Problem to work on: Show all lines containing "фото" from the data below.

Segment Start: Task data

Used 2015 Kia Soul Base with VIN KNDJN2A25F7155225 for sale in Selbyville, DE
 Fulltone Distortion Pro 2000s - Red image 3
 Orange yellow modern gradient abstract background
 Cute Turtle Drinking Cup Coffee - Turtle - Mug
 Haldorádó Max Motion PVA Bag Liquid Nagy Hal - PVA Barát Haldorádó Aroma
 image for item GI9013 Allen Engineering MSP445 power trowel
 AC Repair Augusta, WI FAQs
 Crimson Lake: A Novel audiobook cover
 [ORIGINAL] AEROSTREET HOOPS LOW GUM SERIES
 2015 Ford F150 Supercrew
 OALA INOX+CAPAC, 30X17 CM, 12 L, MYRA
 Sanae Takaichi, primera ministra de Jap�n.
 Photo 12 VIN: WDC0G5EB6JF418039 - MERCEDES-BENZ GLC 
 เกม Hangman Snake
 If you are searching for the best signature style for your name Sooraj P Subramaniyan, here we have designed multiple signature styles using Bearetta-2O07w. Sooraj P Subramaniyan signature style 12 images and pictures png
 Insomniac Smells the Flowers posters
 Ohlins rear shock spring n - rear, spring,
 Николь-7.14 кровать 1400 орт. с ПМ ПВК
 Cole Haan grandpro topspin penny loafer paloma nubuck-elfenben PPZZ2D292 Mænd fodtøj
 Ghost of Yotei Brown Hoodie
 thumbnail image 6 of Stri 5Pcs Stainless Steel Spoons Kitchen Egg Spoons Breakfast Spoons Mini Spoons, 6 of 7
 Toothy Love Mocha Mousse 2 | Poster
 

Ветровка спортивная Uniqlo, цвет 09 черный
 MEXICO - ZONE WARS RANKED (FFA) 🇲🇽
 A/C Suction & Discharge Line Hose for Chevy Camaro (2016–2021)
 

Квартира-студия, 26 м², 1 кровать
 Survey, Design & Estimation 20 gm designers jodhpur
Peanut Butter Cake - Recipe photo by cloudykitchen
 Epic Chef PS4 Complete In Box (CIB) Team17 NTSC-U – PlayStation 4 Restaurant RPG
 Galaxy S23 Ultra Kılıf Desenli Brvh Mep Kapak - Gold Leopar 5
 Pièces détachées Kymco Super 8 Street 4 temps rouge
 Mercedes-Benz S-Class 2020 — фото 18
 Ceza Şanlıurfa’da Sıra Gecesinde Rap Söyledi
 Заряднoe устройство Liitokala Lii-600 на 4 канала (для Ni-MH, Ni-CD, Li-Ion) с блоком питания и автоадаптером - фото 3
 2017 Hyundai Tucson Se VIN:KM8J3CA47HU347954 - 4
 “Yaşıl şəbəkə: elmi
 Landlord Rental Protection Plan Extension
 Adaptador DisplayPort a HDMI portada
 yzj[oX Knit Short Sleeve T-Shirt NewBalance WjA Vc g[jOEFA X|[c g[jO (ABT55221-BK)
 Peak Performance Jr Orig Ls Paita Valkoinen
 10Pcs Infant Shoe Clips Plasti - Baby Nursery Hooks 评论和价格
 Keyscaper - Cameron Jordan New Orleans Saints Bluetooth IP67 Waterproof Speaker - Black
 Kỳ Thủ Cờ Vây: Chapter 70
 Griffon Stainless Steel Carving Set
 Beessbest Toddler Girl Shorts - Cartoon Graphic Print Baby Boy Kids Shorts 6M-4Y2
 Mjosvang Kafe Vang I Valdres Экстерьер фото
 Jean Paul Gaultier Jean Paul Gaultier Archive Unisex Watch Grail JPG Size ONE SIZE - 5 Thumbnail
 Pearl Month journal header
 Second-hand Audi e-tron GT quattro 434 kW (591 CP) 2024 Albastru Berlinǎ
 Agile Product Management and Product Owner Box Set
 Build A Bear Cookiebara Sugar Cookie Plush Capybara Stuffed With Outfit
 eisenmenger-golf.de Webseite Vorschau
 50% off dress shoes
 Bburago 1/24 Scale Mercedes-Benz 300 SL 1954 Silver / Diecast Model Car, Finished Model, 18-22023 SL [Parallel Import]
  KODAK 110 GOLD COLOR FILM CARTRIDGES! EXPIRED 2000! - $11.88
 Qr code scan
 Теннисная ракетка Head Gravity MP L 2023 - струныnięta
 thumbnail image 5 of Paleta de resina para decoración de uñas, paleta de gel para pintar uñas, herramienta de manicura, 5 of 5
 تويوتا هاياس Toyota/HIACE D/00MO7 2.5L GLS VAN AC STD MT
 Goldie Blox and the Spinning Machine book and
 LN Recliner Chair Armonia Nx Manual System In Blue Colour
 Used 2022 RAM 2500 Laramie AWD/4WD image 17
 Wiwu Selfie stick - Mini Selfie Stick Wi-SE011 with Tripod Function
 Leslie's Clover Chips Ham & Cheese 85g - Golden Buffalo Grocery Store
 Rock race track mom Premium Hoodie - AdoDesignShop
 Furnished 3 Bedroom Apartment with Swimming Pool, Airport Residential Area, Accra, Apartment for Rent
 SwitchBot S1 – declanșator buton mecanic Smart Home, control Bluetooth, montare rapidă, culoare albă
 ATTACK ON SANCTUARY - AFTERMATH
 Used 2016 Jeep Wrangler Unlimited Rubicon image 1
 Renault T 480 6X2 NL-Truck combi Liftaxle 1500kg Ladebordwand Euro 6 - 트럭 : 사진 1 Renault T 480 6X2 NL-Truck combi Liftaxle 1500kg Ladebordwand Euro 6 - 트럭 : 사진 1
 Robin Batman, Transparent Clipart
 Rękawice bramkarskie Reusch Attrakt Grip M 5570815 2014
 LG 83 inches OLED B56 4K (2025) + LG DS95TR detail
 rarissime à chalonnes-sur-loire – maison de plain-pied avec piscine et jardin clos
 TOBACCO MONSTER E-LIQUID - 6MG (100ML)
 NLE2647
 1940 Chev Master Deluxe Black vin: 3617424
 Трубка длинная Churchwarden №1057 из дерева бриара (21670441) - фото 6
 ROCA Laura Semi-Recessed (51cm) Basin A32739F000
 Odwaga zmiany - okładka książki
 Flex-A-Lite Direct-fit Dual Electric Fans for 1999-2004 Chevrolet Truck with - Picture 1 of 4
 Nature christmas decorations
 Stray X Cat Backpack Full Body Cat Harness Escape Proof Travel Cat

Segment End: Task data

Reply:
 Mercedes-Benz S-Class 2020 — фото 18
 Заряднoe устройство Liitokala Lii-600 на 4 канала (для Ni-MH, Ni-CD, Li-Ion) с блоком питания и автоадаптером - фото 3
 Mjosvang Kafe Vang I Valdres Экстерьер фото
 Трубка длинная Churchwarden №1057 из дерева бриара (21670441) - фото 6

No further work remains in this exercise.